The plight to stop children from bullying others is a hard enough task, What makes it even more difficult, is the fact that the very same people entrusted with controlling the issue are bullied themselves:
BULLYING of staff is rife within Australian schools, with parents and students among the top perpetrators, research reveals.
A staggering 95 per cent of educators claimed they had experienced at least one of 42 bullying behaviours identified by the researchers.
The most common was personal confrontation or professional destabilisation, often resulting in a deterioration of mental and physical health.
The new book Bullying of Staff in Schools – to be launched by former defence force chief Peter Cosgrove tomorrow – examines bullying where an adult is either the perpetrator or the target.

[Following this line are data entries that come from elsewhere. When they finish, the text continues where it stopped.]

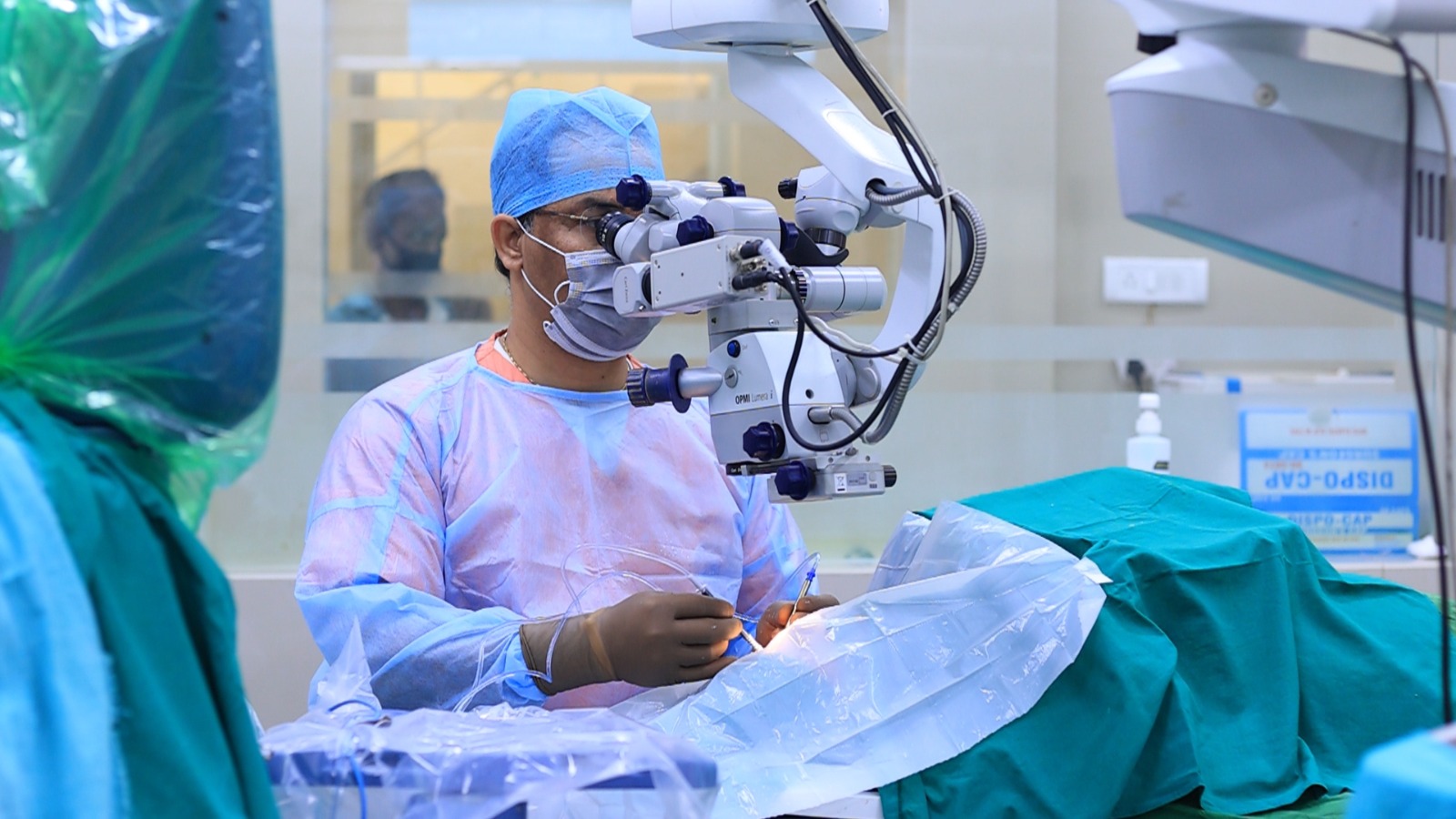 A B Eye Institute
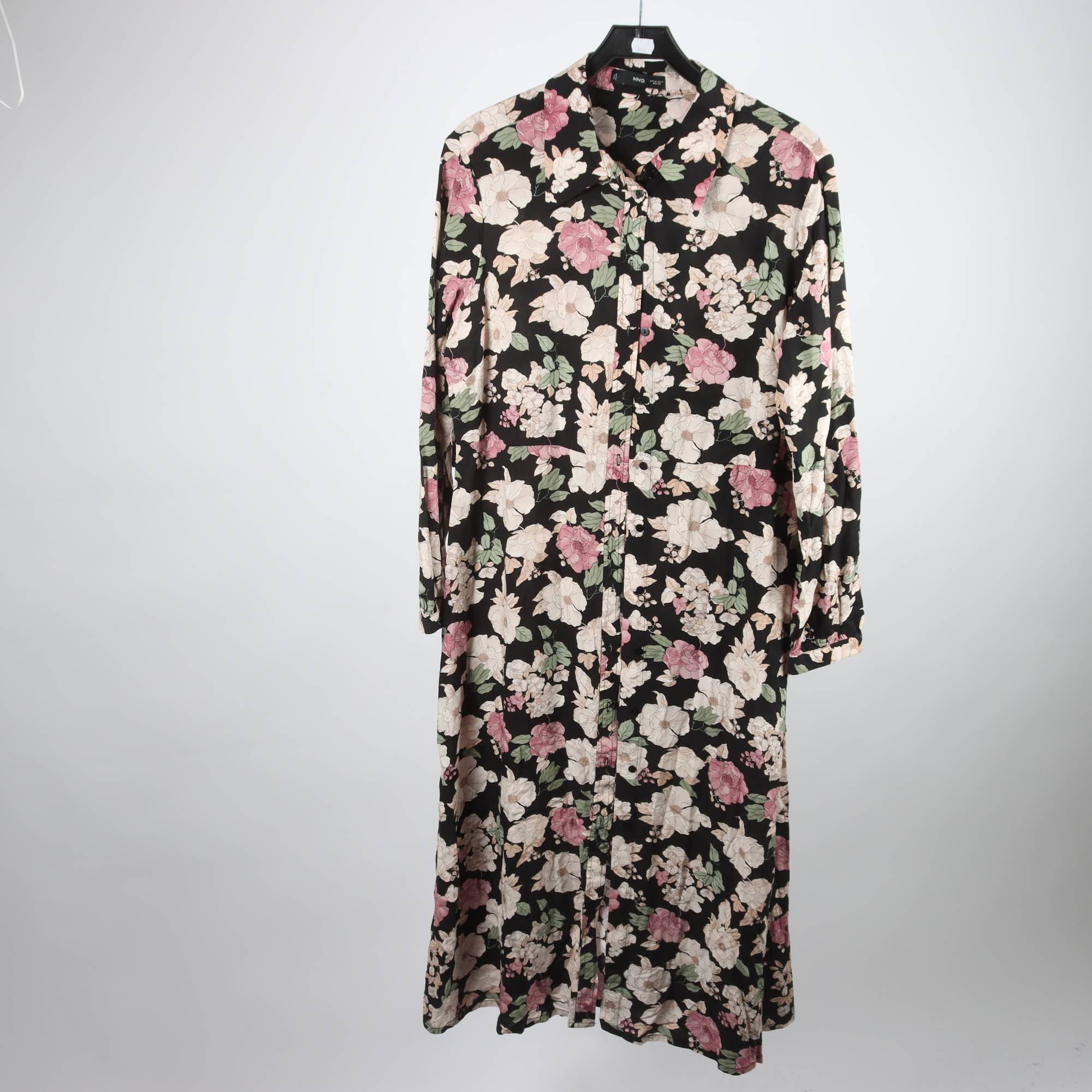 Klänning, Mng, blommig, svart, stl. XL.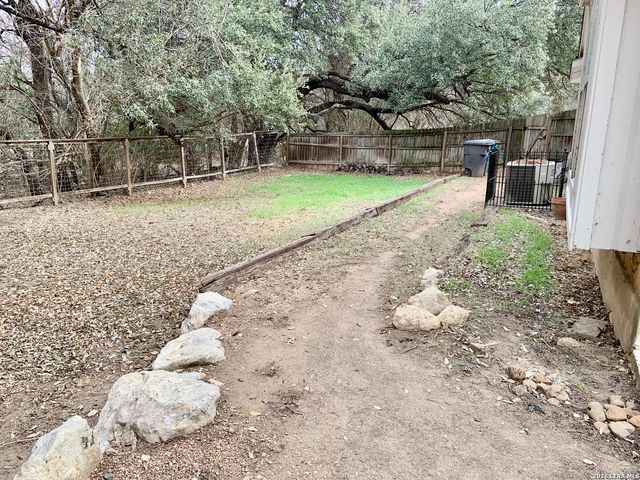 8803 Timber Cross, San Antonio, TX 78250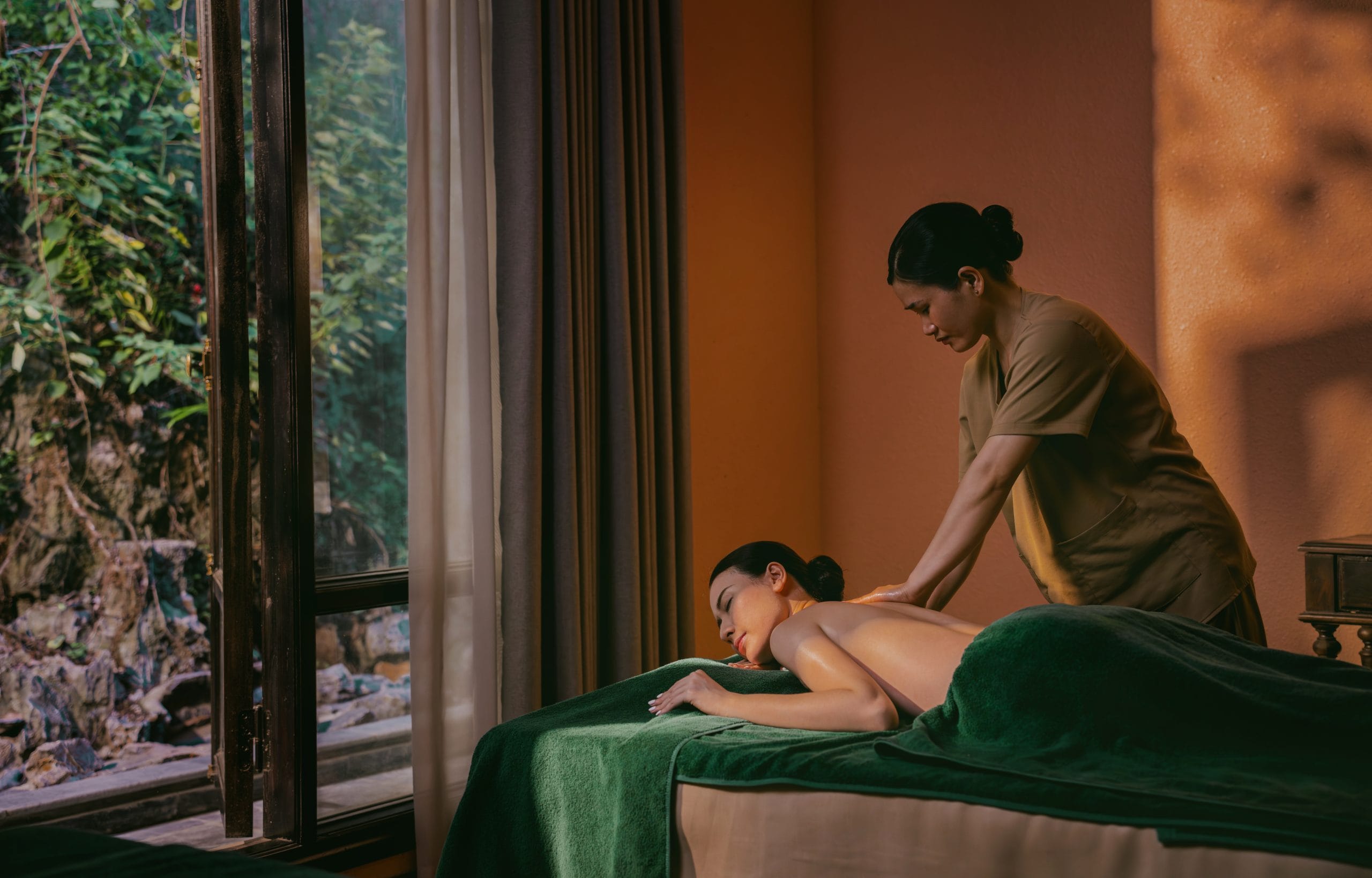 Behandlung im Spa Chỉ Quán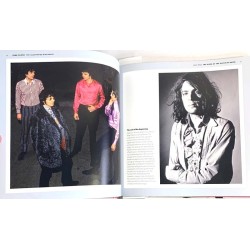Pink Floyd 2011 978-1-907176-14-2 The Illustrated Biography Käytetty kirja
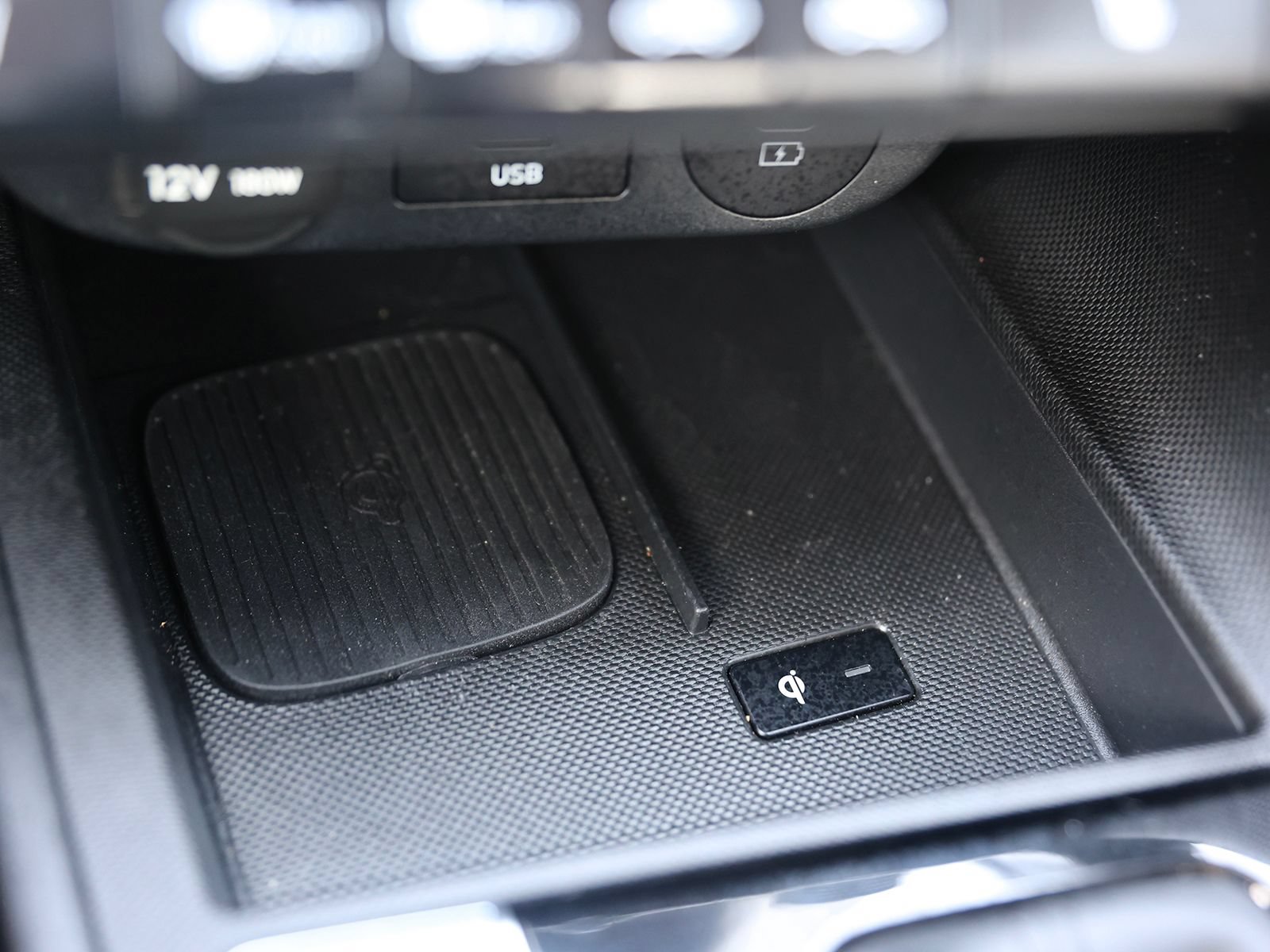 Certified 2025 Hyundai Elantra SEL FWD image 28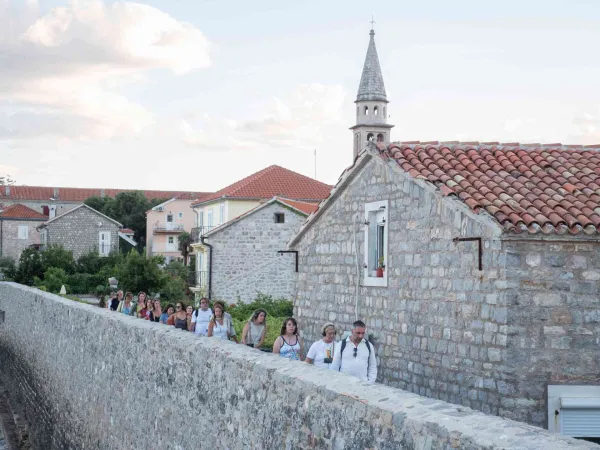 "Nestvarni grad" jo&scaron; jednom povezao publiku s pro&scaron;lo&scaron;ću Budve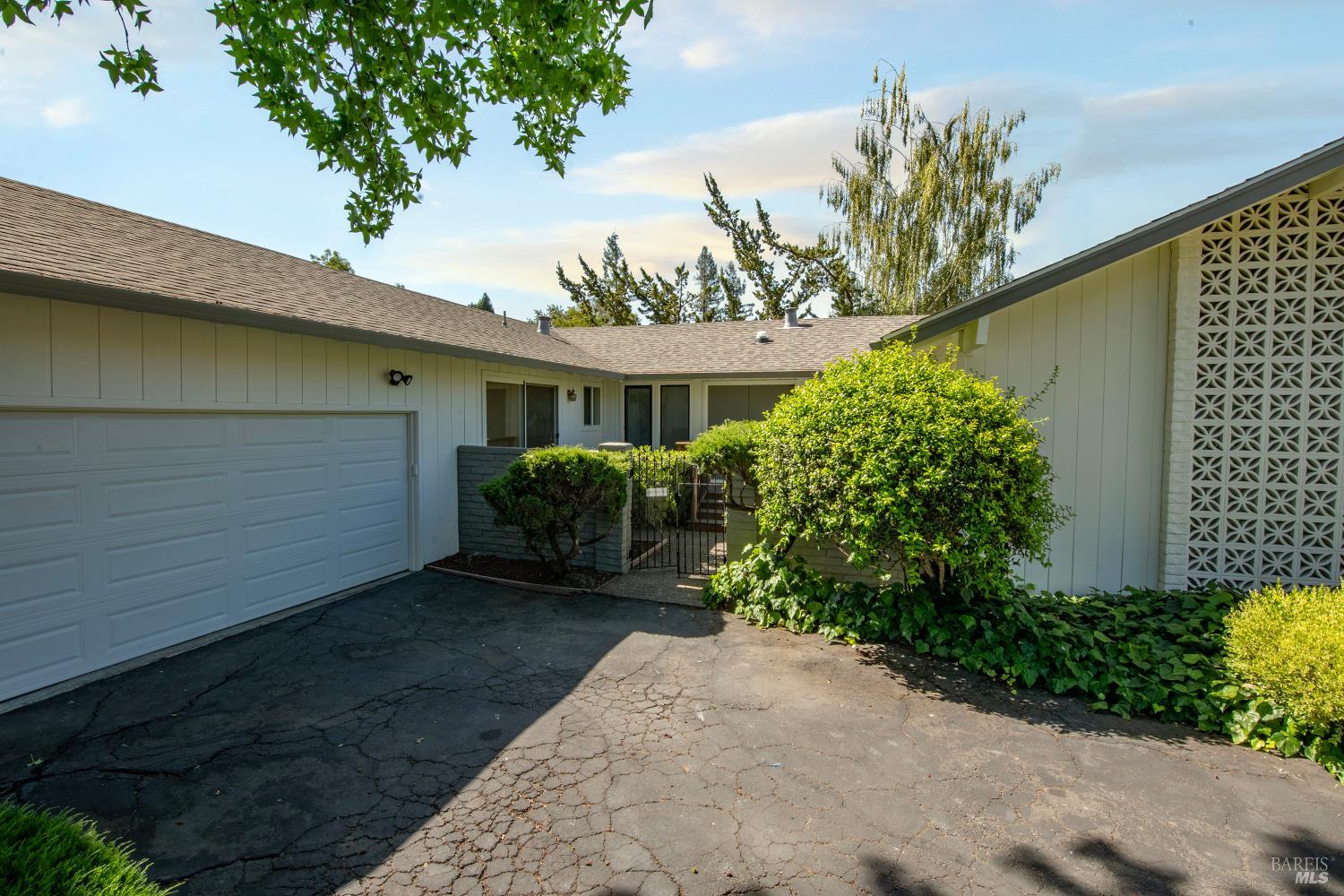 2232 Gainsborough Ave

Researchers Dan Riley, Deirdre Duncan and John Edwards surveyed 2529 employees at schools across all sectors. Respondents reflected the national profile of 83 per cent female and 27 per cent male educators.
Two-thirds were teachers – more than 50 per cent had 21 years or more teaching experience – one in five executives and one in 15 principals.
According to the research, 81 per cent experienced bullying from parents, and 79 per cent named colleagues, closely followed by executives.
Students were named as bullies by 75 per cent of respondents, about seven percentage points higher than principals.
The principal was identified as the most persistent bully, followed by members of the executive and colleagues.
Educators said the most common form of bullying behaviour was questioning decisions, judgment and procedures, followed by tasks set with unreasonable or impossible targets or deadlines, and then being exposed to an unmanageable workload.
This highlights the uselessness of bullying policies and programs. For us to get on top of this problem, we must address bullying of all natures to all parties. Until the culture of bullying is remedied from the Principal down, our children have no chance!